This volume, edited by an unabashed supported of the South who identifies himself only as “A Confederate,” collects a series of vignettes “which shall tell simply and truthfully the story of the daring, the sufferings, and heroic fortitude of the people and soldiers of the south.” One of the sketches describes a successful escape from Fort Delaware.
Keckley, Elizabeth, ca. 1818-1907. Behind the Scenes: Or, Thirty Years a Slave, and Four Years in the White House. New York: G.W. Carleton & Co., 1868.
Elizabeth Keckley was a former slave who became a successful businesswoman and civil activist, in Washington, D.C. She is best known as the personal confidante of Mary Todd Lincoln and her memoir includes an inside look at the Lincoln White House.
Cable, George Washington, 1844-1925. The Negro Question. New York, New York: American Missionary Association, 1888.
Cable, George W. Kincaid's Battery. New York: Charles Scribner's Sons, 1908.
Binding designed by Margaret Armstrong, Gordon A. Pfeiffer Collection of Publishers’ Decorative Trade Bindings.
George Washington Cable was the most important late-nineteenth century southern author, as well as the first modern southern writer. He is best known today for his fiction about New Orleans and the Civil War-era south, but has also been praised for his essays on civil rights, such as The Silent South (1885) and The Negro Question (1888).
Evans, Augusta J., 1835-1909. Macaria; or, Altars of Sacrifice. London: William Nicholson and Sons, 1890.
Following the secession of the Southern states, Augusta J. Evans became an ardent Southern patriot. Her novel Macaria, originally published in 1864 and purportedly written by candlelight while Evans nursed wounded Confederate soldiers, was a masterpiece of propaganda. In Macaria, Evans charts the journey of two southern women who achieve self-realization through their service in the war-torn Confederacy. The book sold 20,000 copies in the South and when copies made their way North, Union officers seized and burned them.
Harper, Frances Ellen Watkins, 1825-1911. Iola Leroy, Or, Shadows Uplifted. Philadelphia: Garrigues Brothers, Publishers and Booksellers, 1893.
Born in Baltimore, Maryland, Frances Ellen Watkins Harper was an African-American author and abolitionist who was active in all aspects of social reform. Iola Leroy or, Shadows Uplifted, one of the first novels by an African-American woman, deals with serious social issues, including education for women, passing, miscegenation, abolition, and reconstruction. This copy of the novel is from the library of the African American author Alice Dunbar Nelson.
Ryan, Abram Joseph, 1836-1886. Poems: Patriotic, Religious, Miscellaneous. New York: Kenedy & Sons, 1896.
Abram Joseph Ryan was an American poet and Catholic priest who was an active supporter of the Confederate States of America. Though he never formally joined the Confederate Army, Father Ryan served as a freelance chaplain to Confederate troops. He wrote numerous poems based on his war experiences and quickly became known as the "Poet-Priest of the Confederacy."

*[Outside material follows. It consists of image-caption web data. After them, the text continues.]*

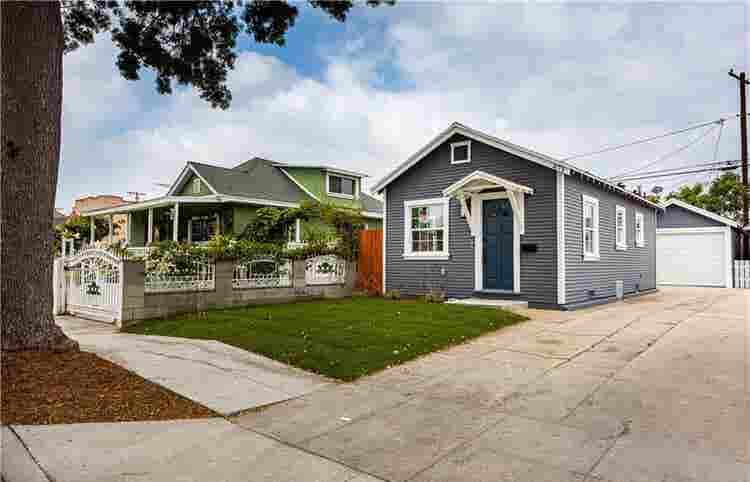 1BR with Private Backyard & Garage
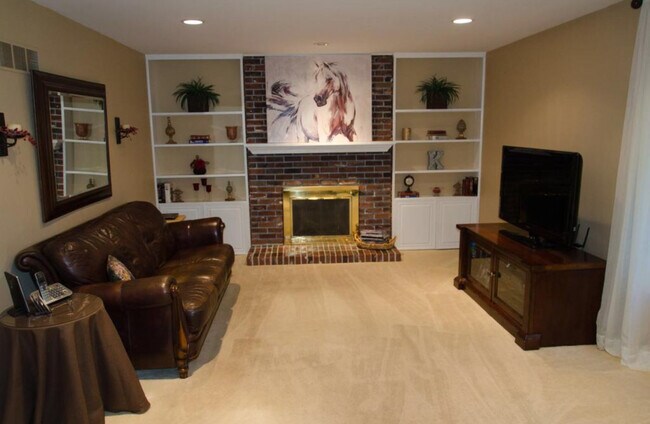 Building Photo - 123 Country Creek Ct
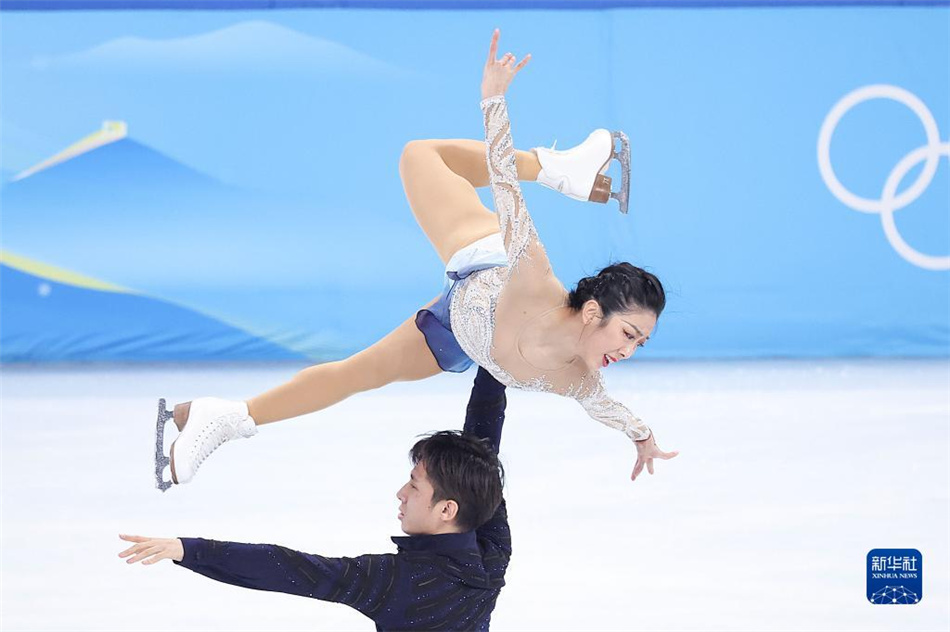 フィギュアスケートペアで中国の隋文静/韓聡組が金　北京冬季五輪
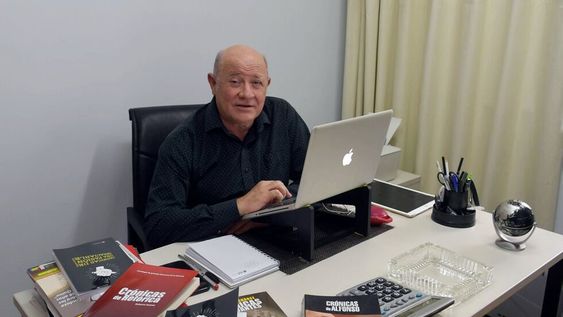Roberto Suárez, escritor y periodista, acaba de presentar su libro Crónicas de una pasión insaciable.Foto: Orlando Pelichotti / Los Andes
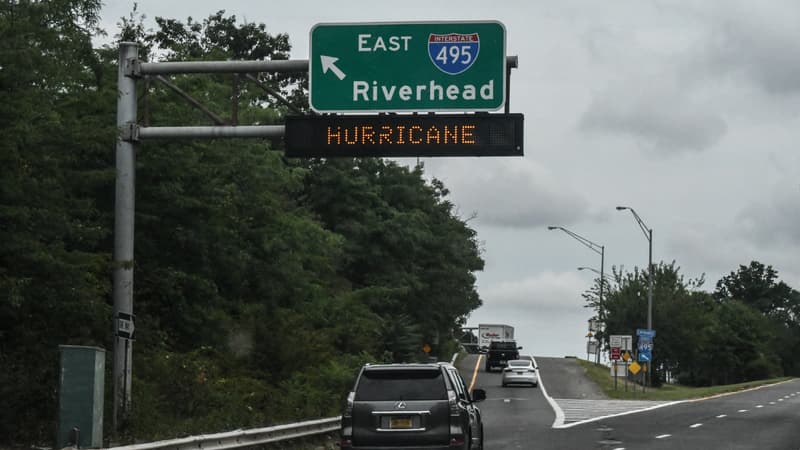 Une autoroute signale l'ouragan Henri le 21 août 2021 à Melville (New-York).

Evans, Augusta J. (Augusta Jane), 1835-1909 Beulah. New York: Hurst, 1900.
A native of Georgia, the popular novelist Augusta J. Evans was an ardent Confederate patriot who wrote propaganda in support of the Southern cause. Her novel Beulah, originally published in 1859, was one of the most commercially successful books of its time and presented an idyllic view of domestic life on a plantation in the antebellum south. Gordon A. Pfeiffer Collection of Publishers’ Decorative Trade Bindings.
Timrod, Henry, 1828-1867. Poems of Henry Timrod: With Memoir and Portrait. Richmond: B.F. Johnson Publishing Co., 1901.
During the 1850s, Henry Timrod was a teacher in his native South Carolina. He was also writing poetry which was published in some of the leading literary magazines. With the outbreak of the Civil War, Timrod began writing poetry in support of the Confederate cause. In 1864, Timrod became associate editor of the South Carolinian, a daily newspaper, and wrote fiery articles and editorials attacking the Union.
Page, Thomas Nelson, 1853-1922. In Ole Virginia: Or, Marse Chan and Other Stories. New York: Charles Scribner’s Sons, 1915.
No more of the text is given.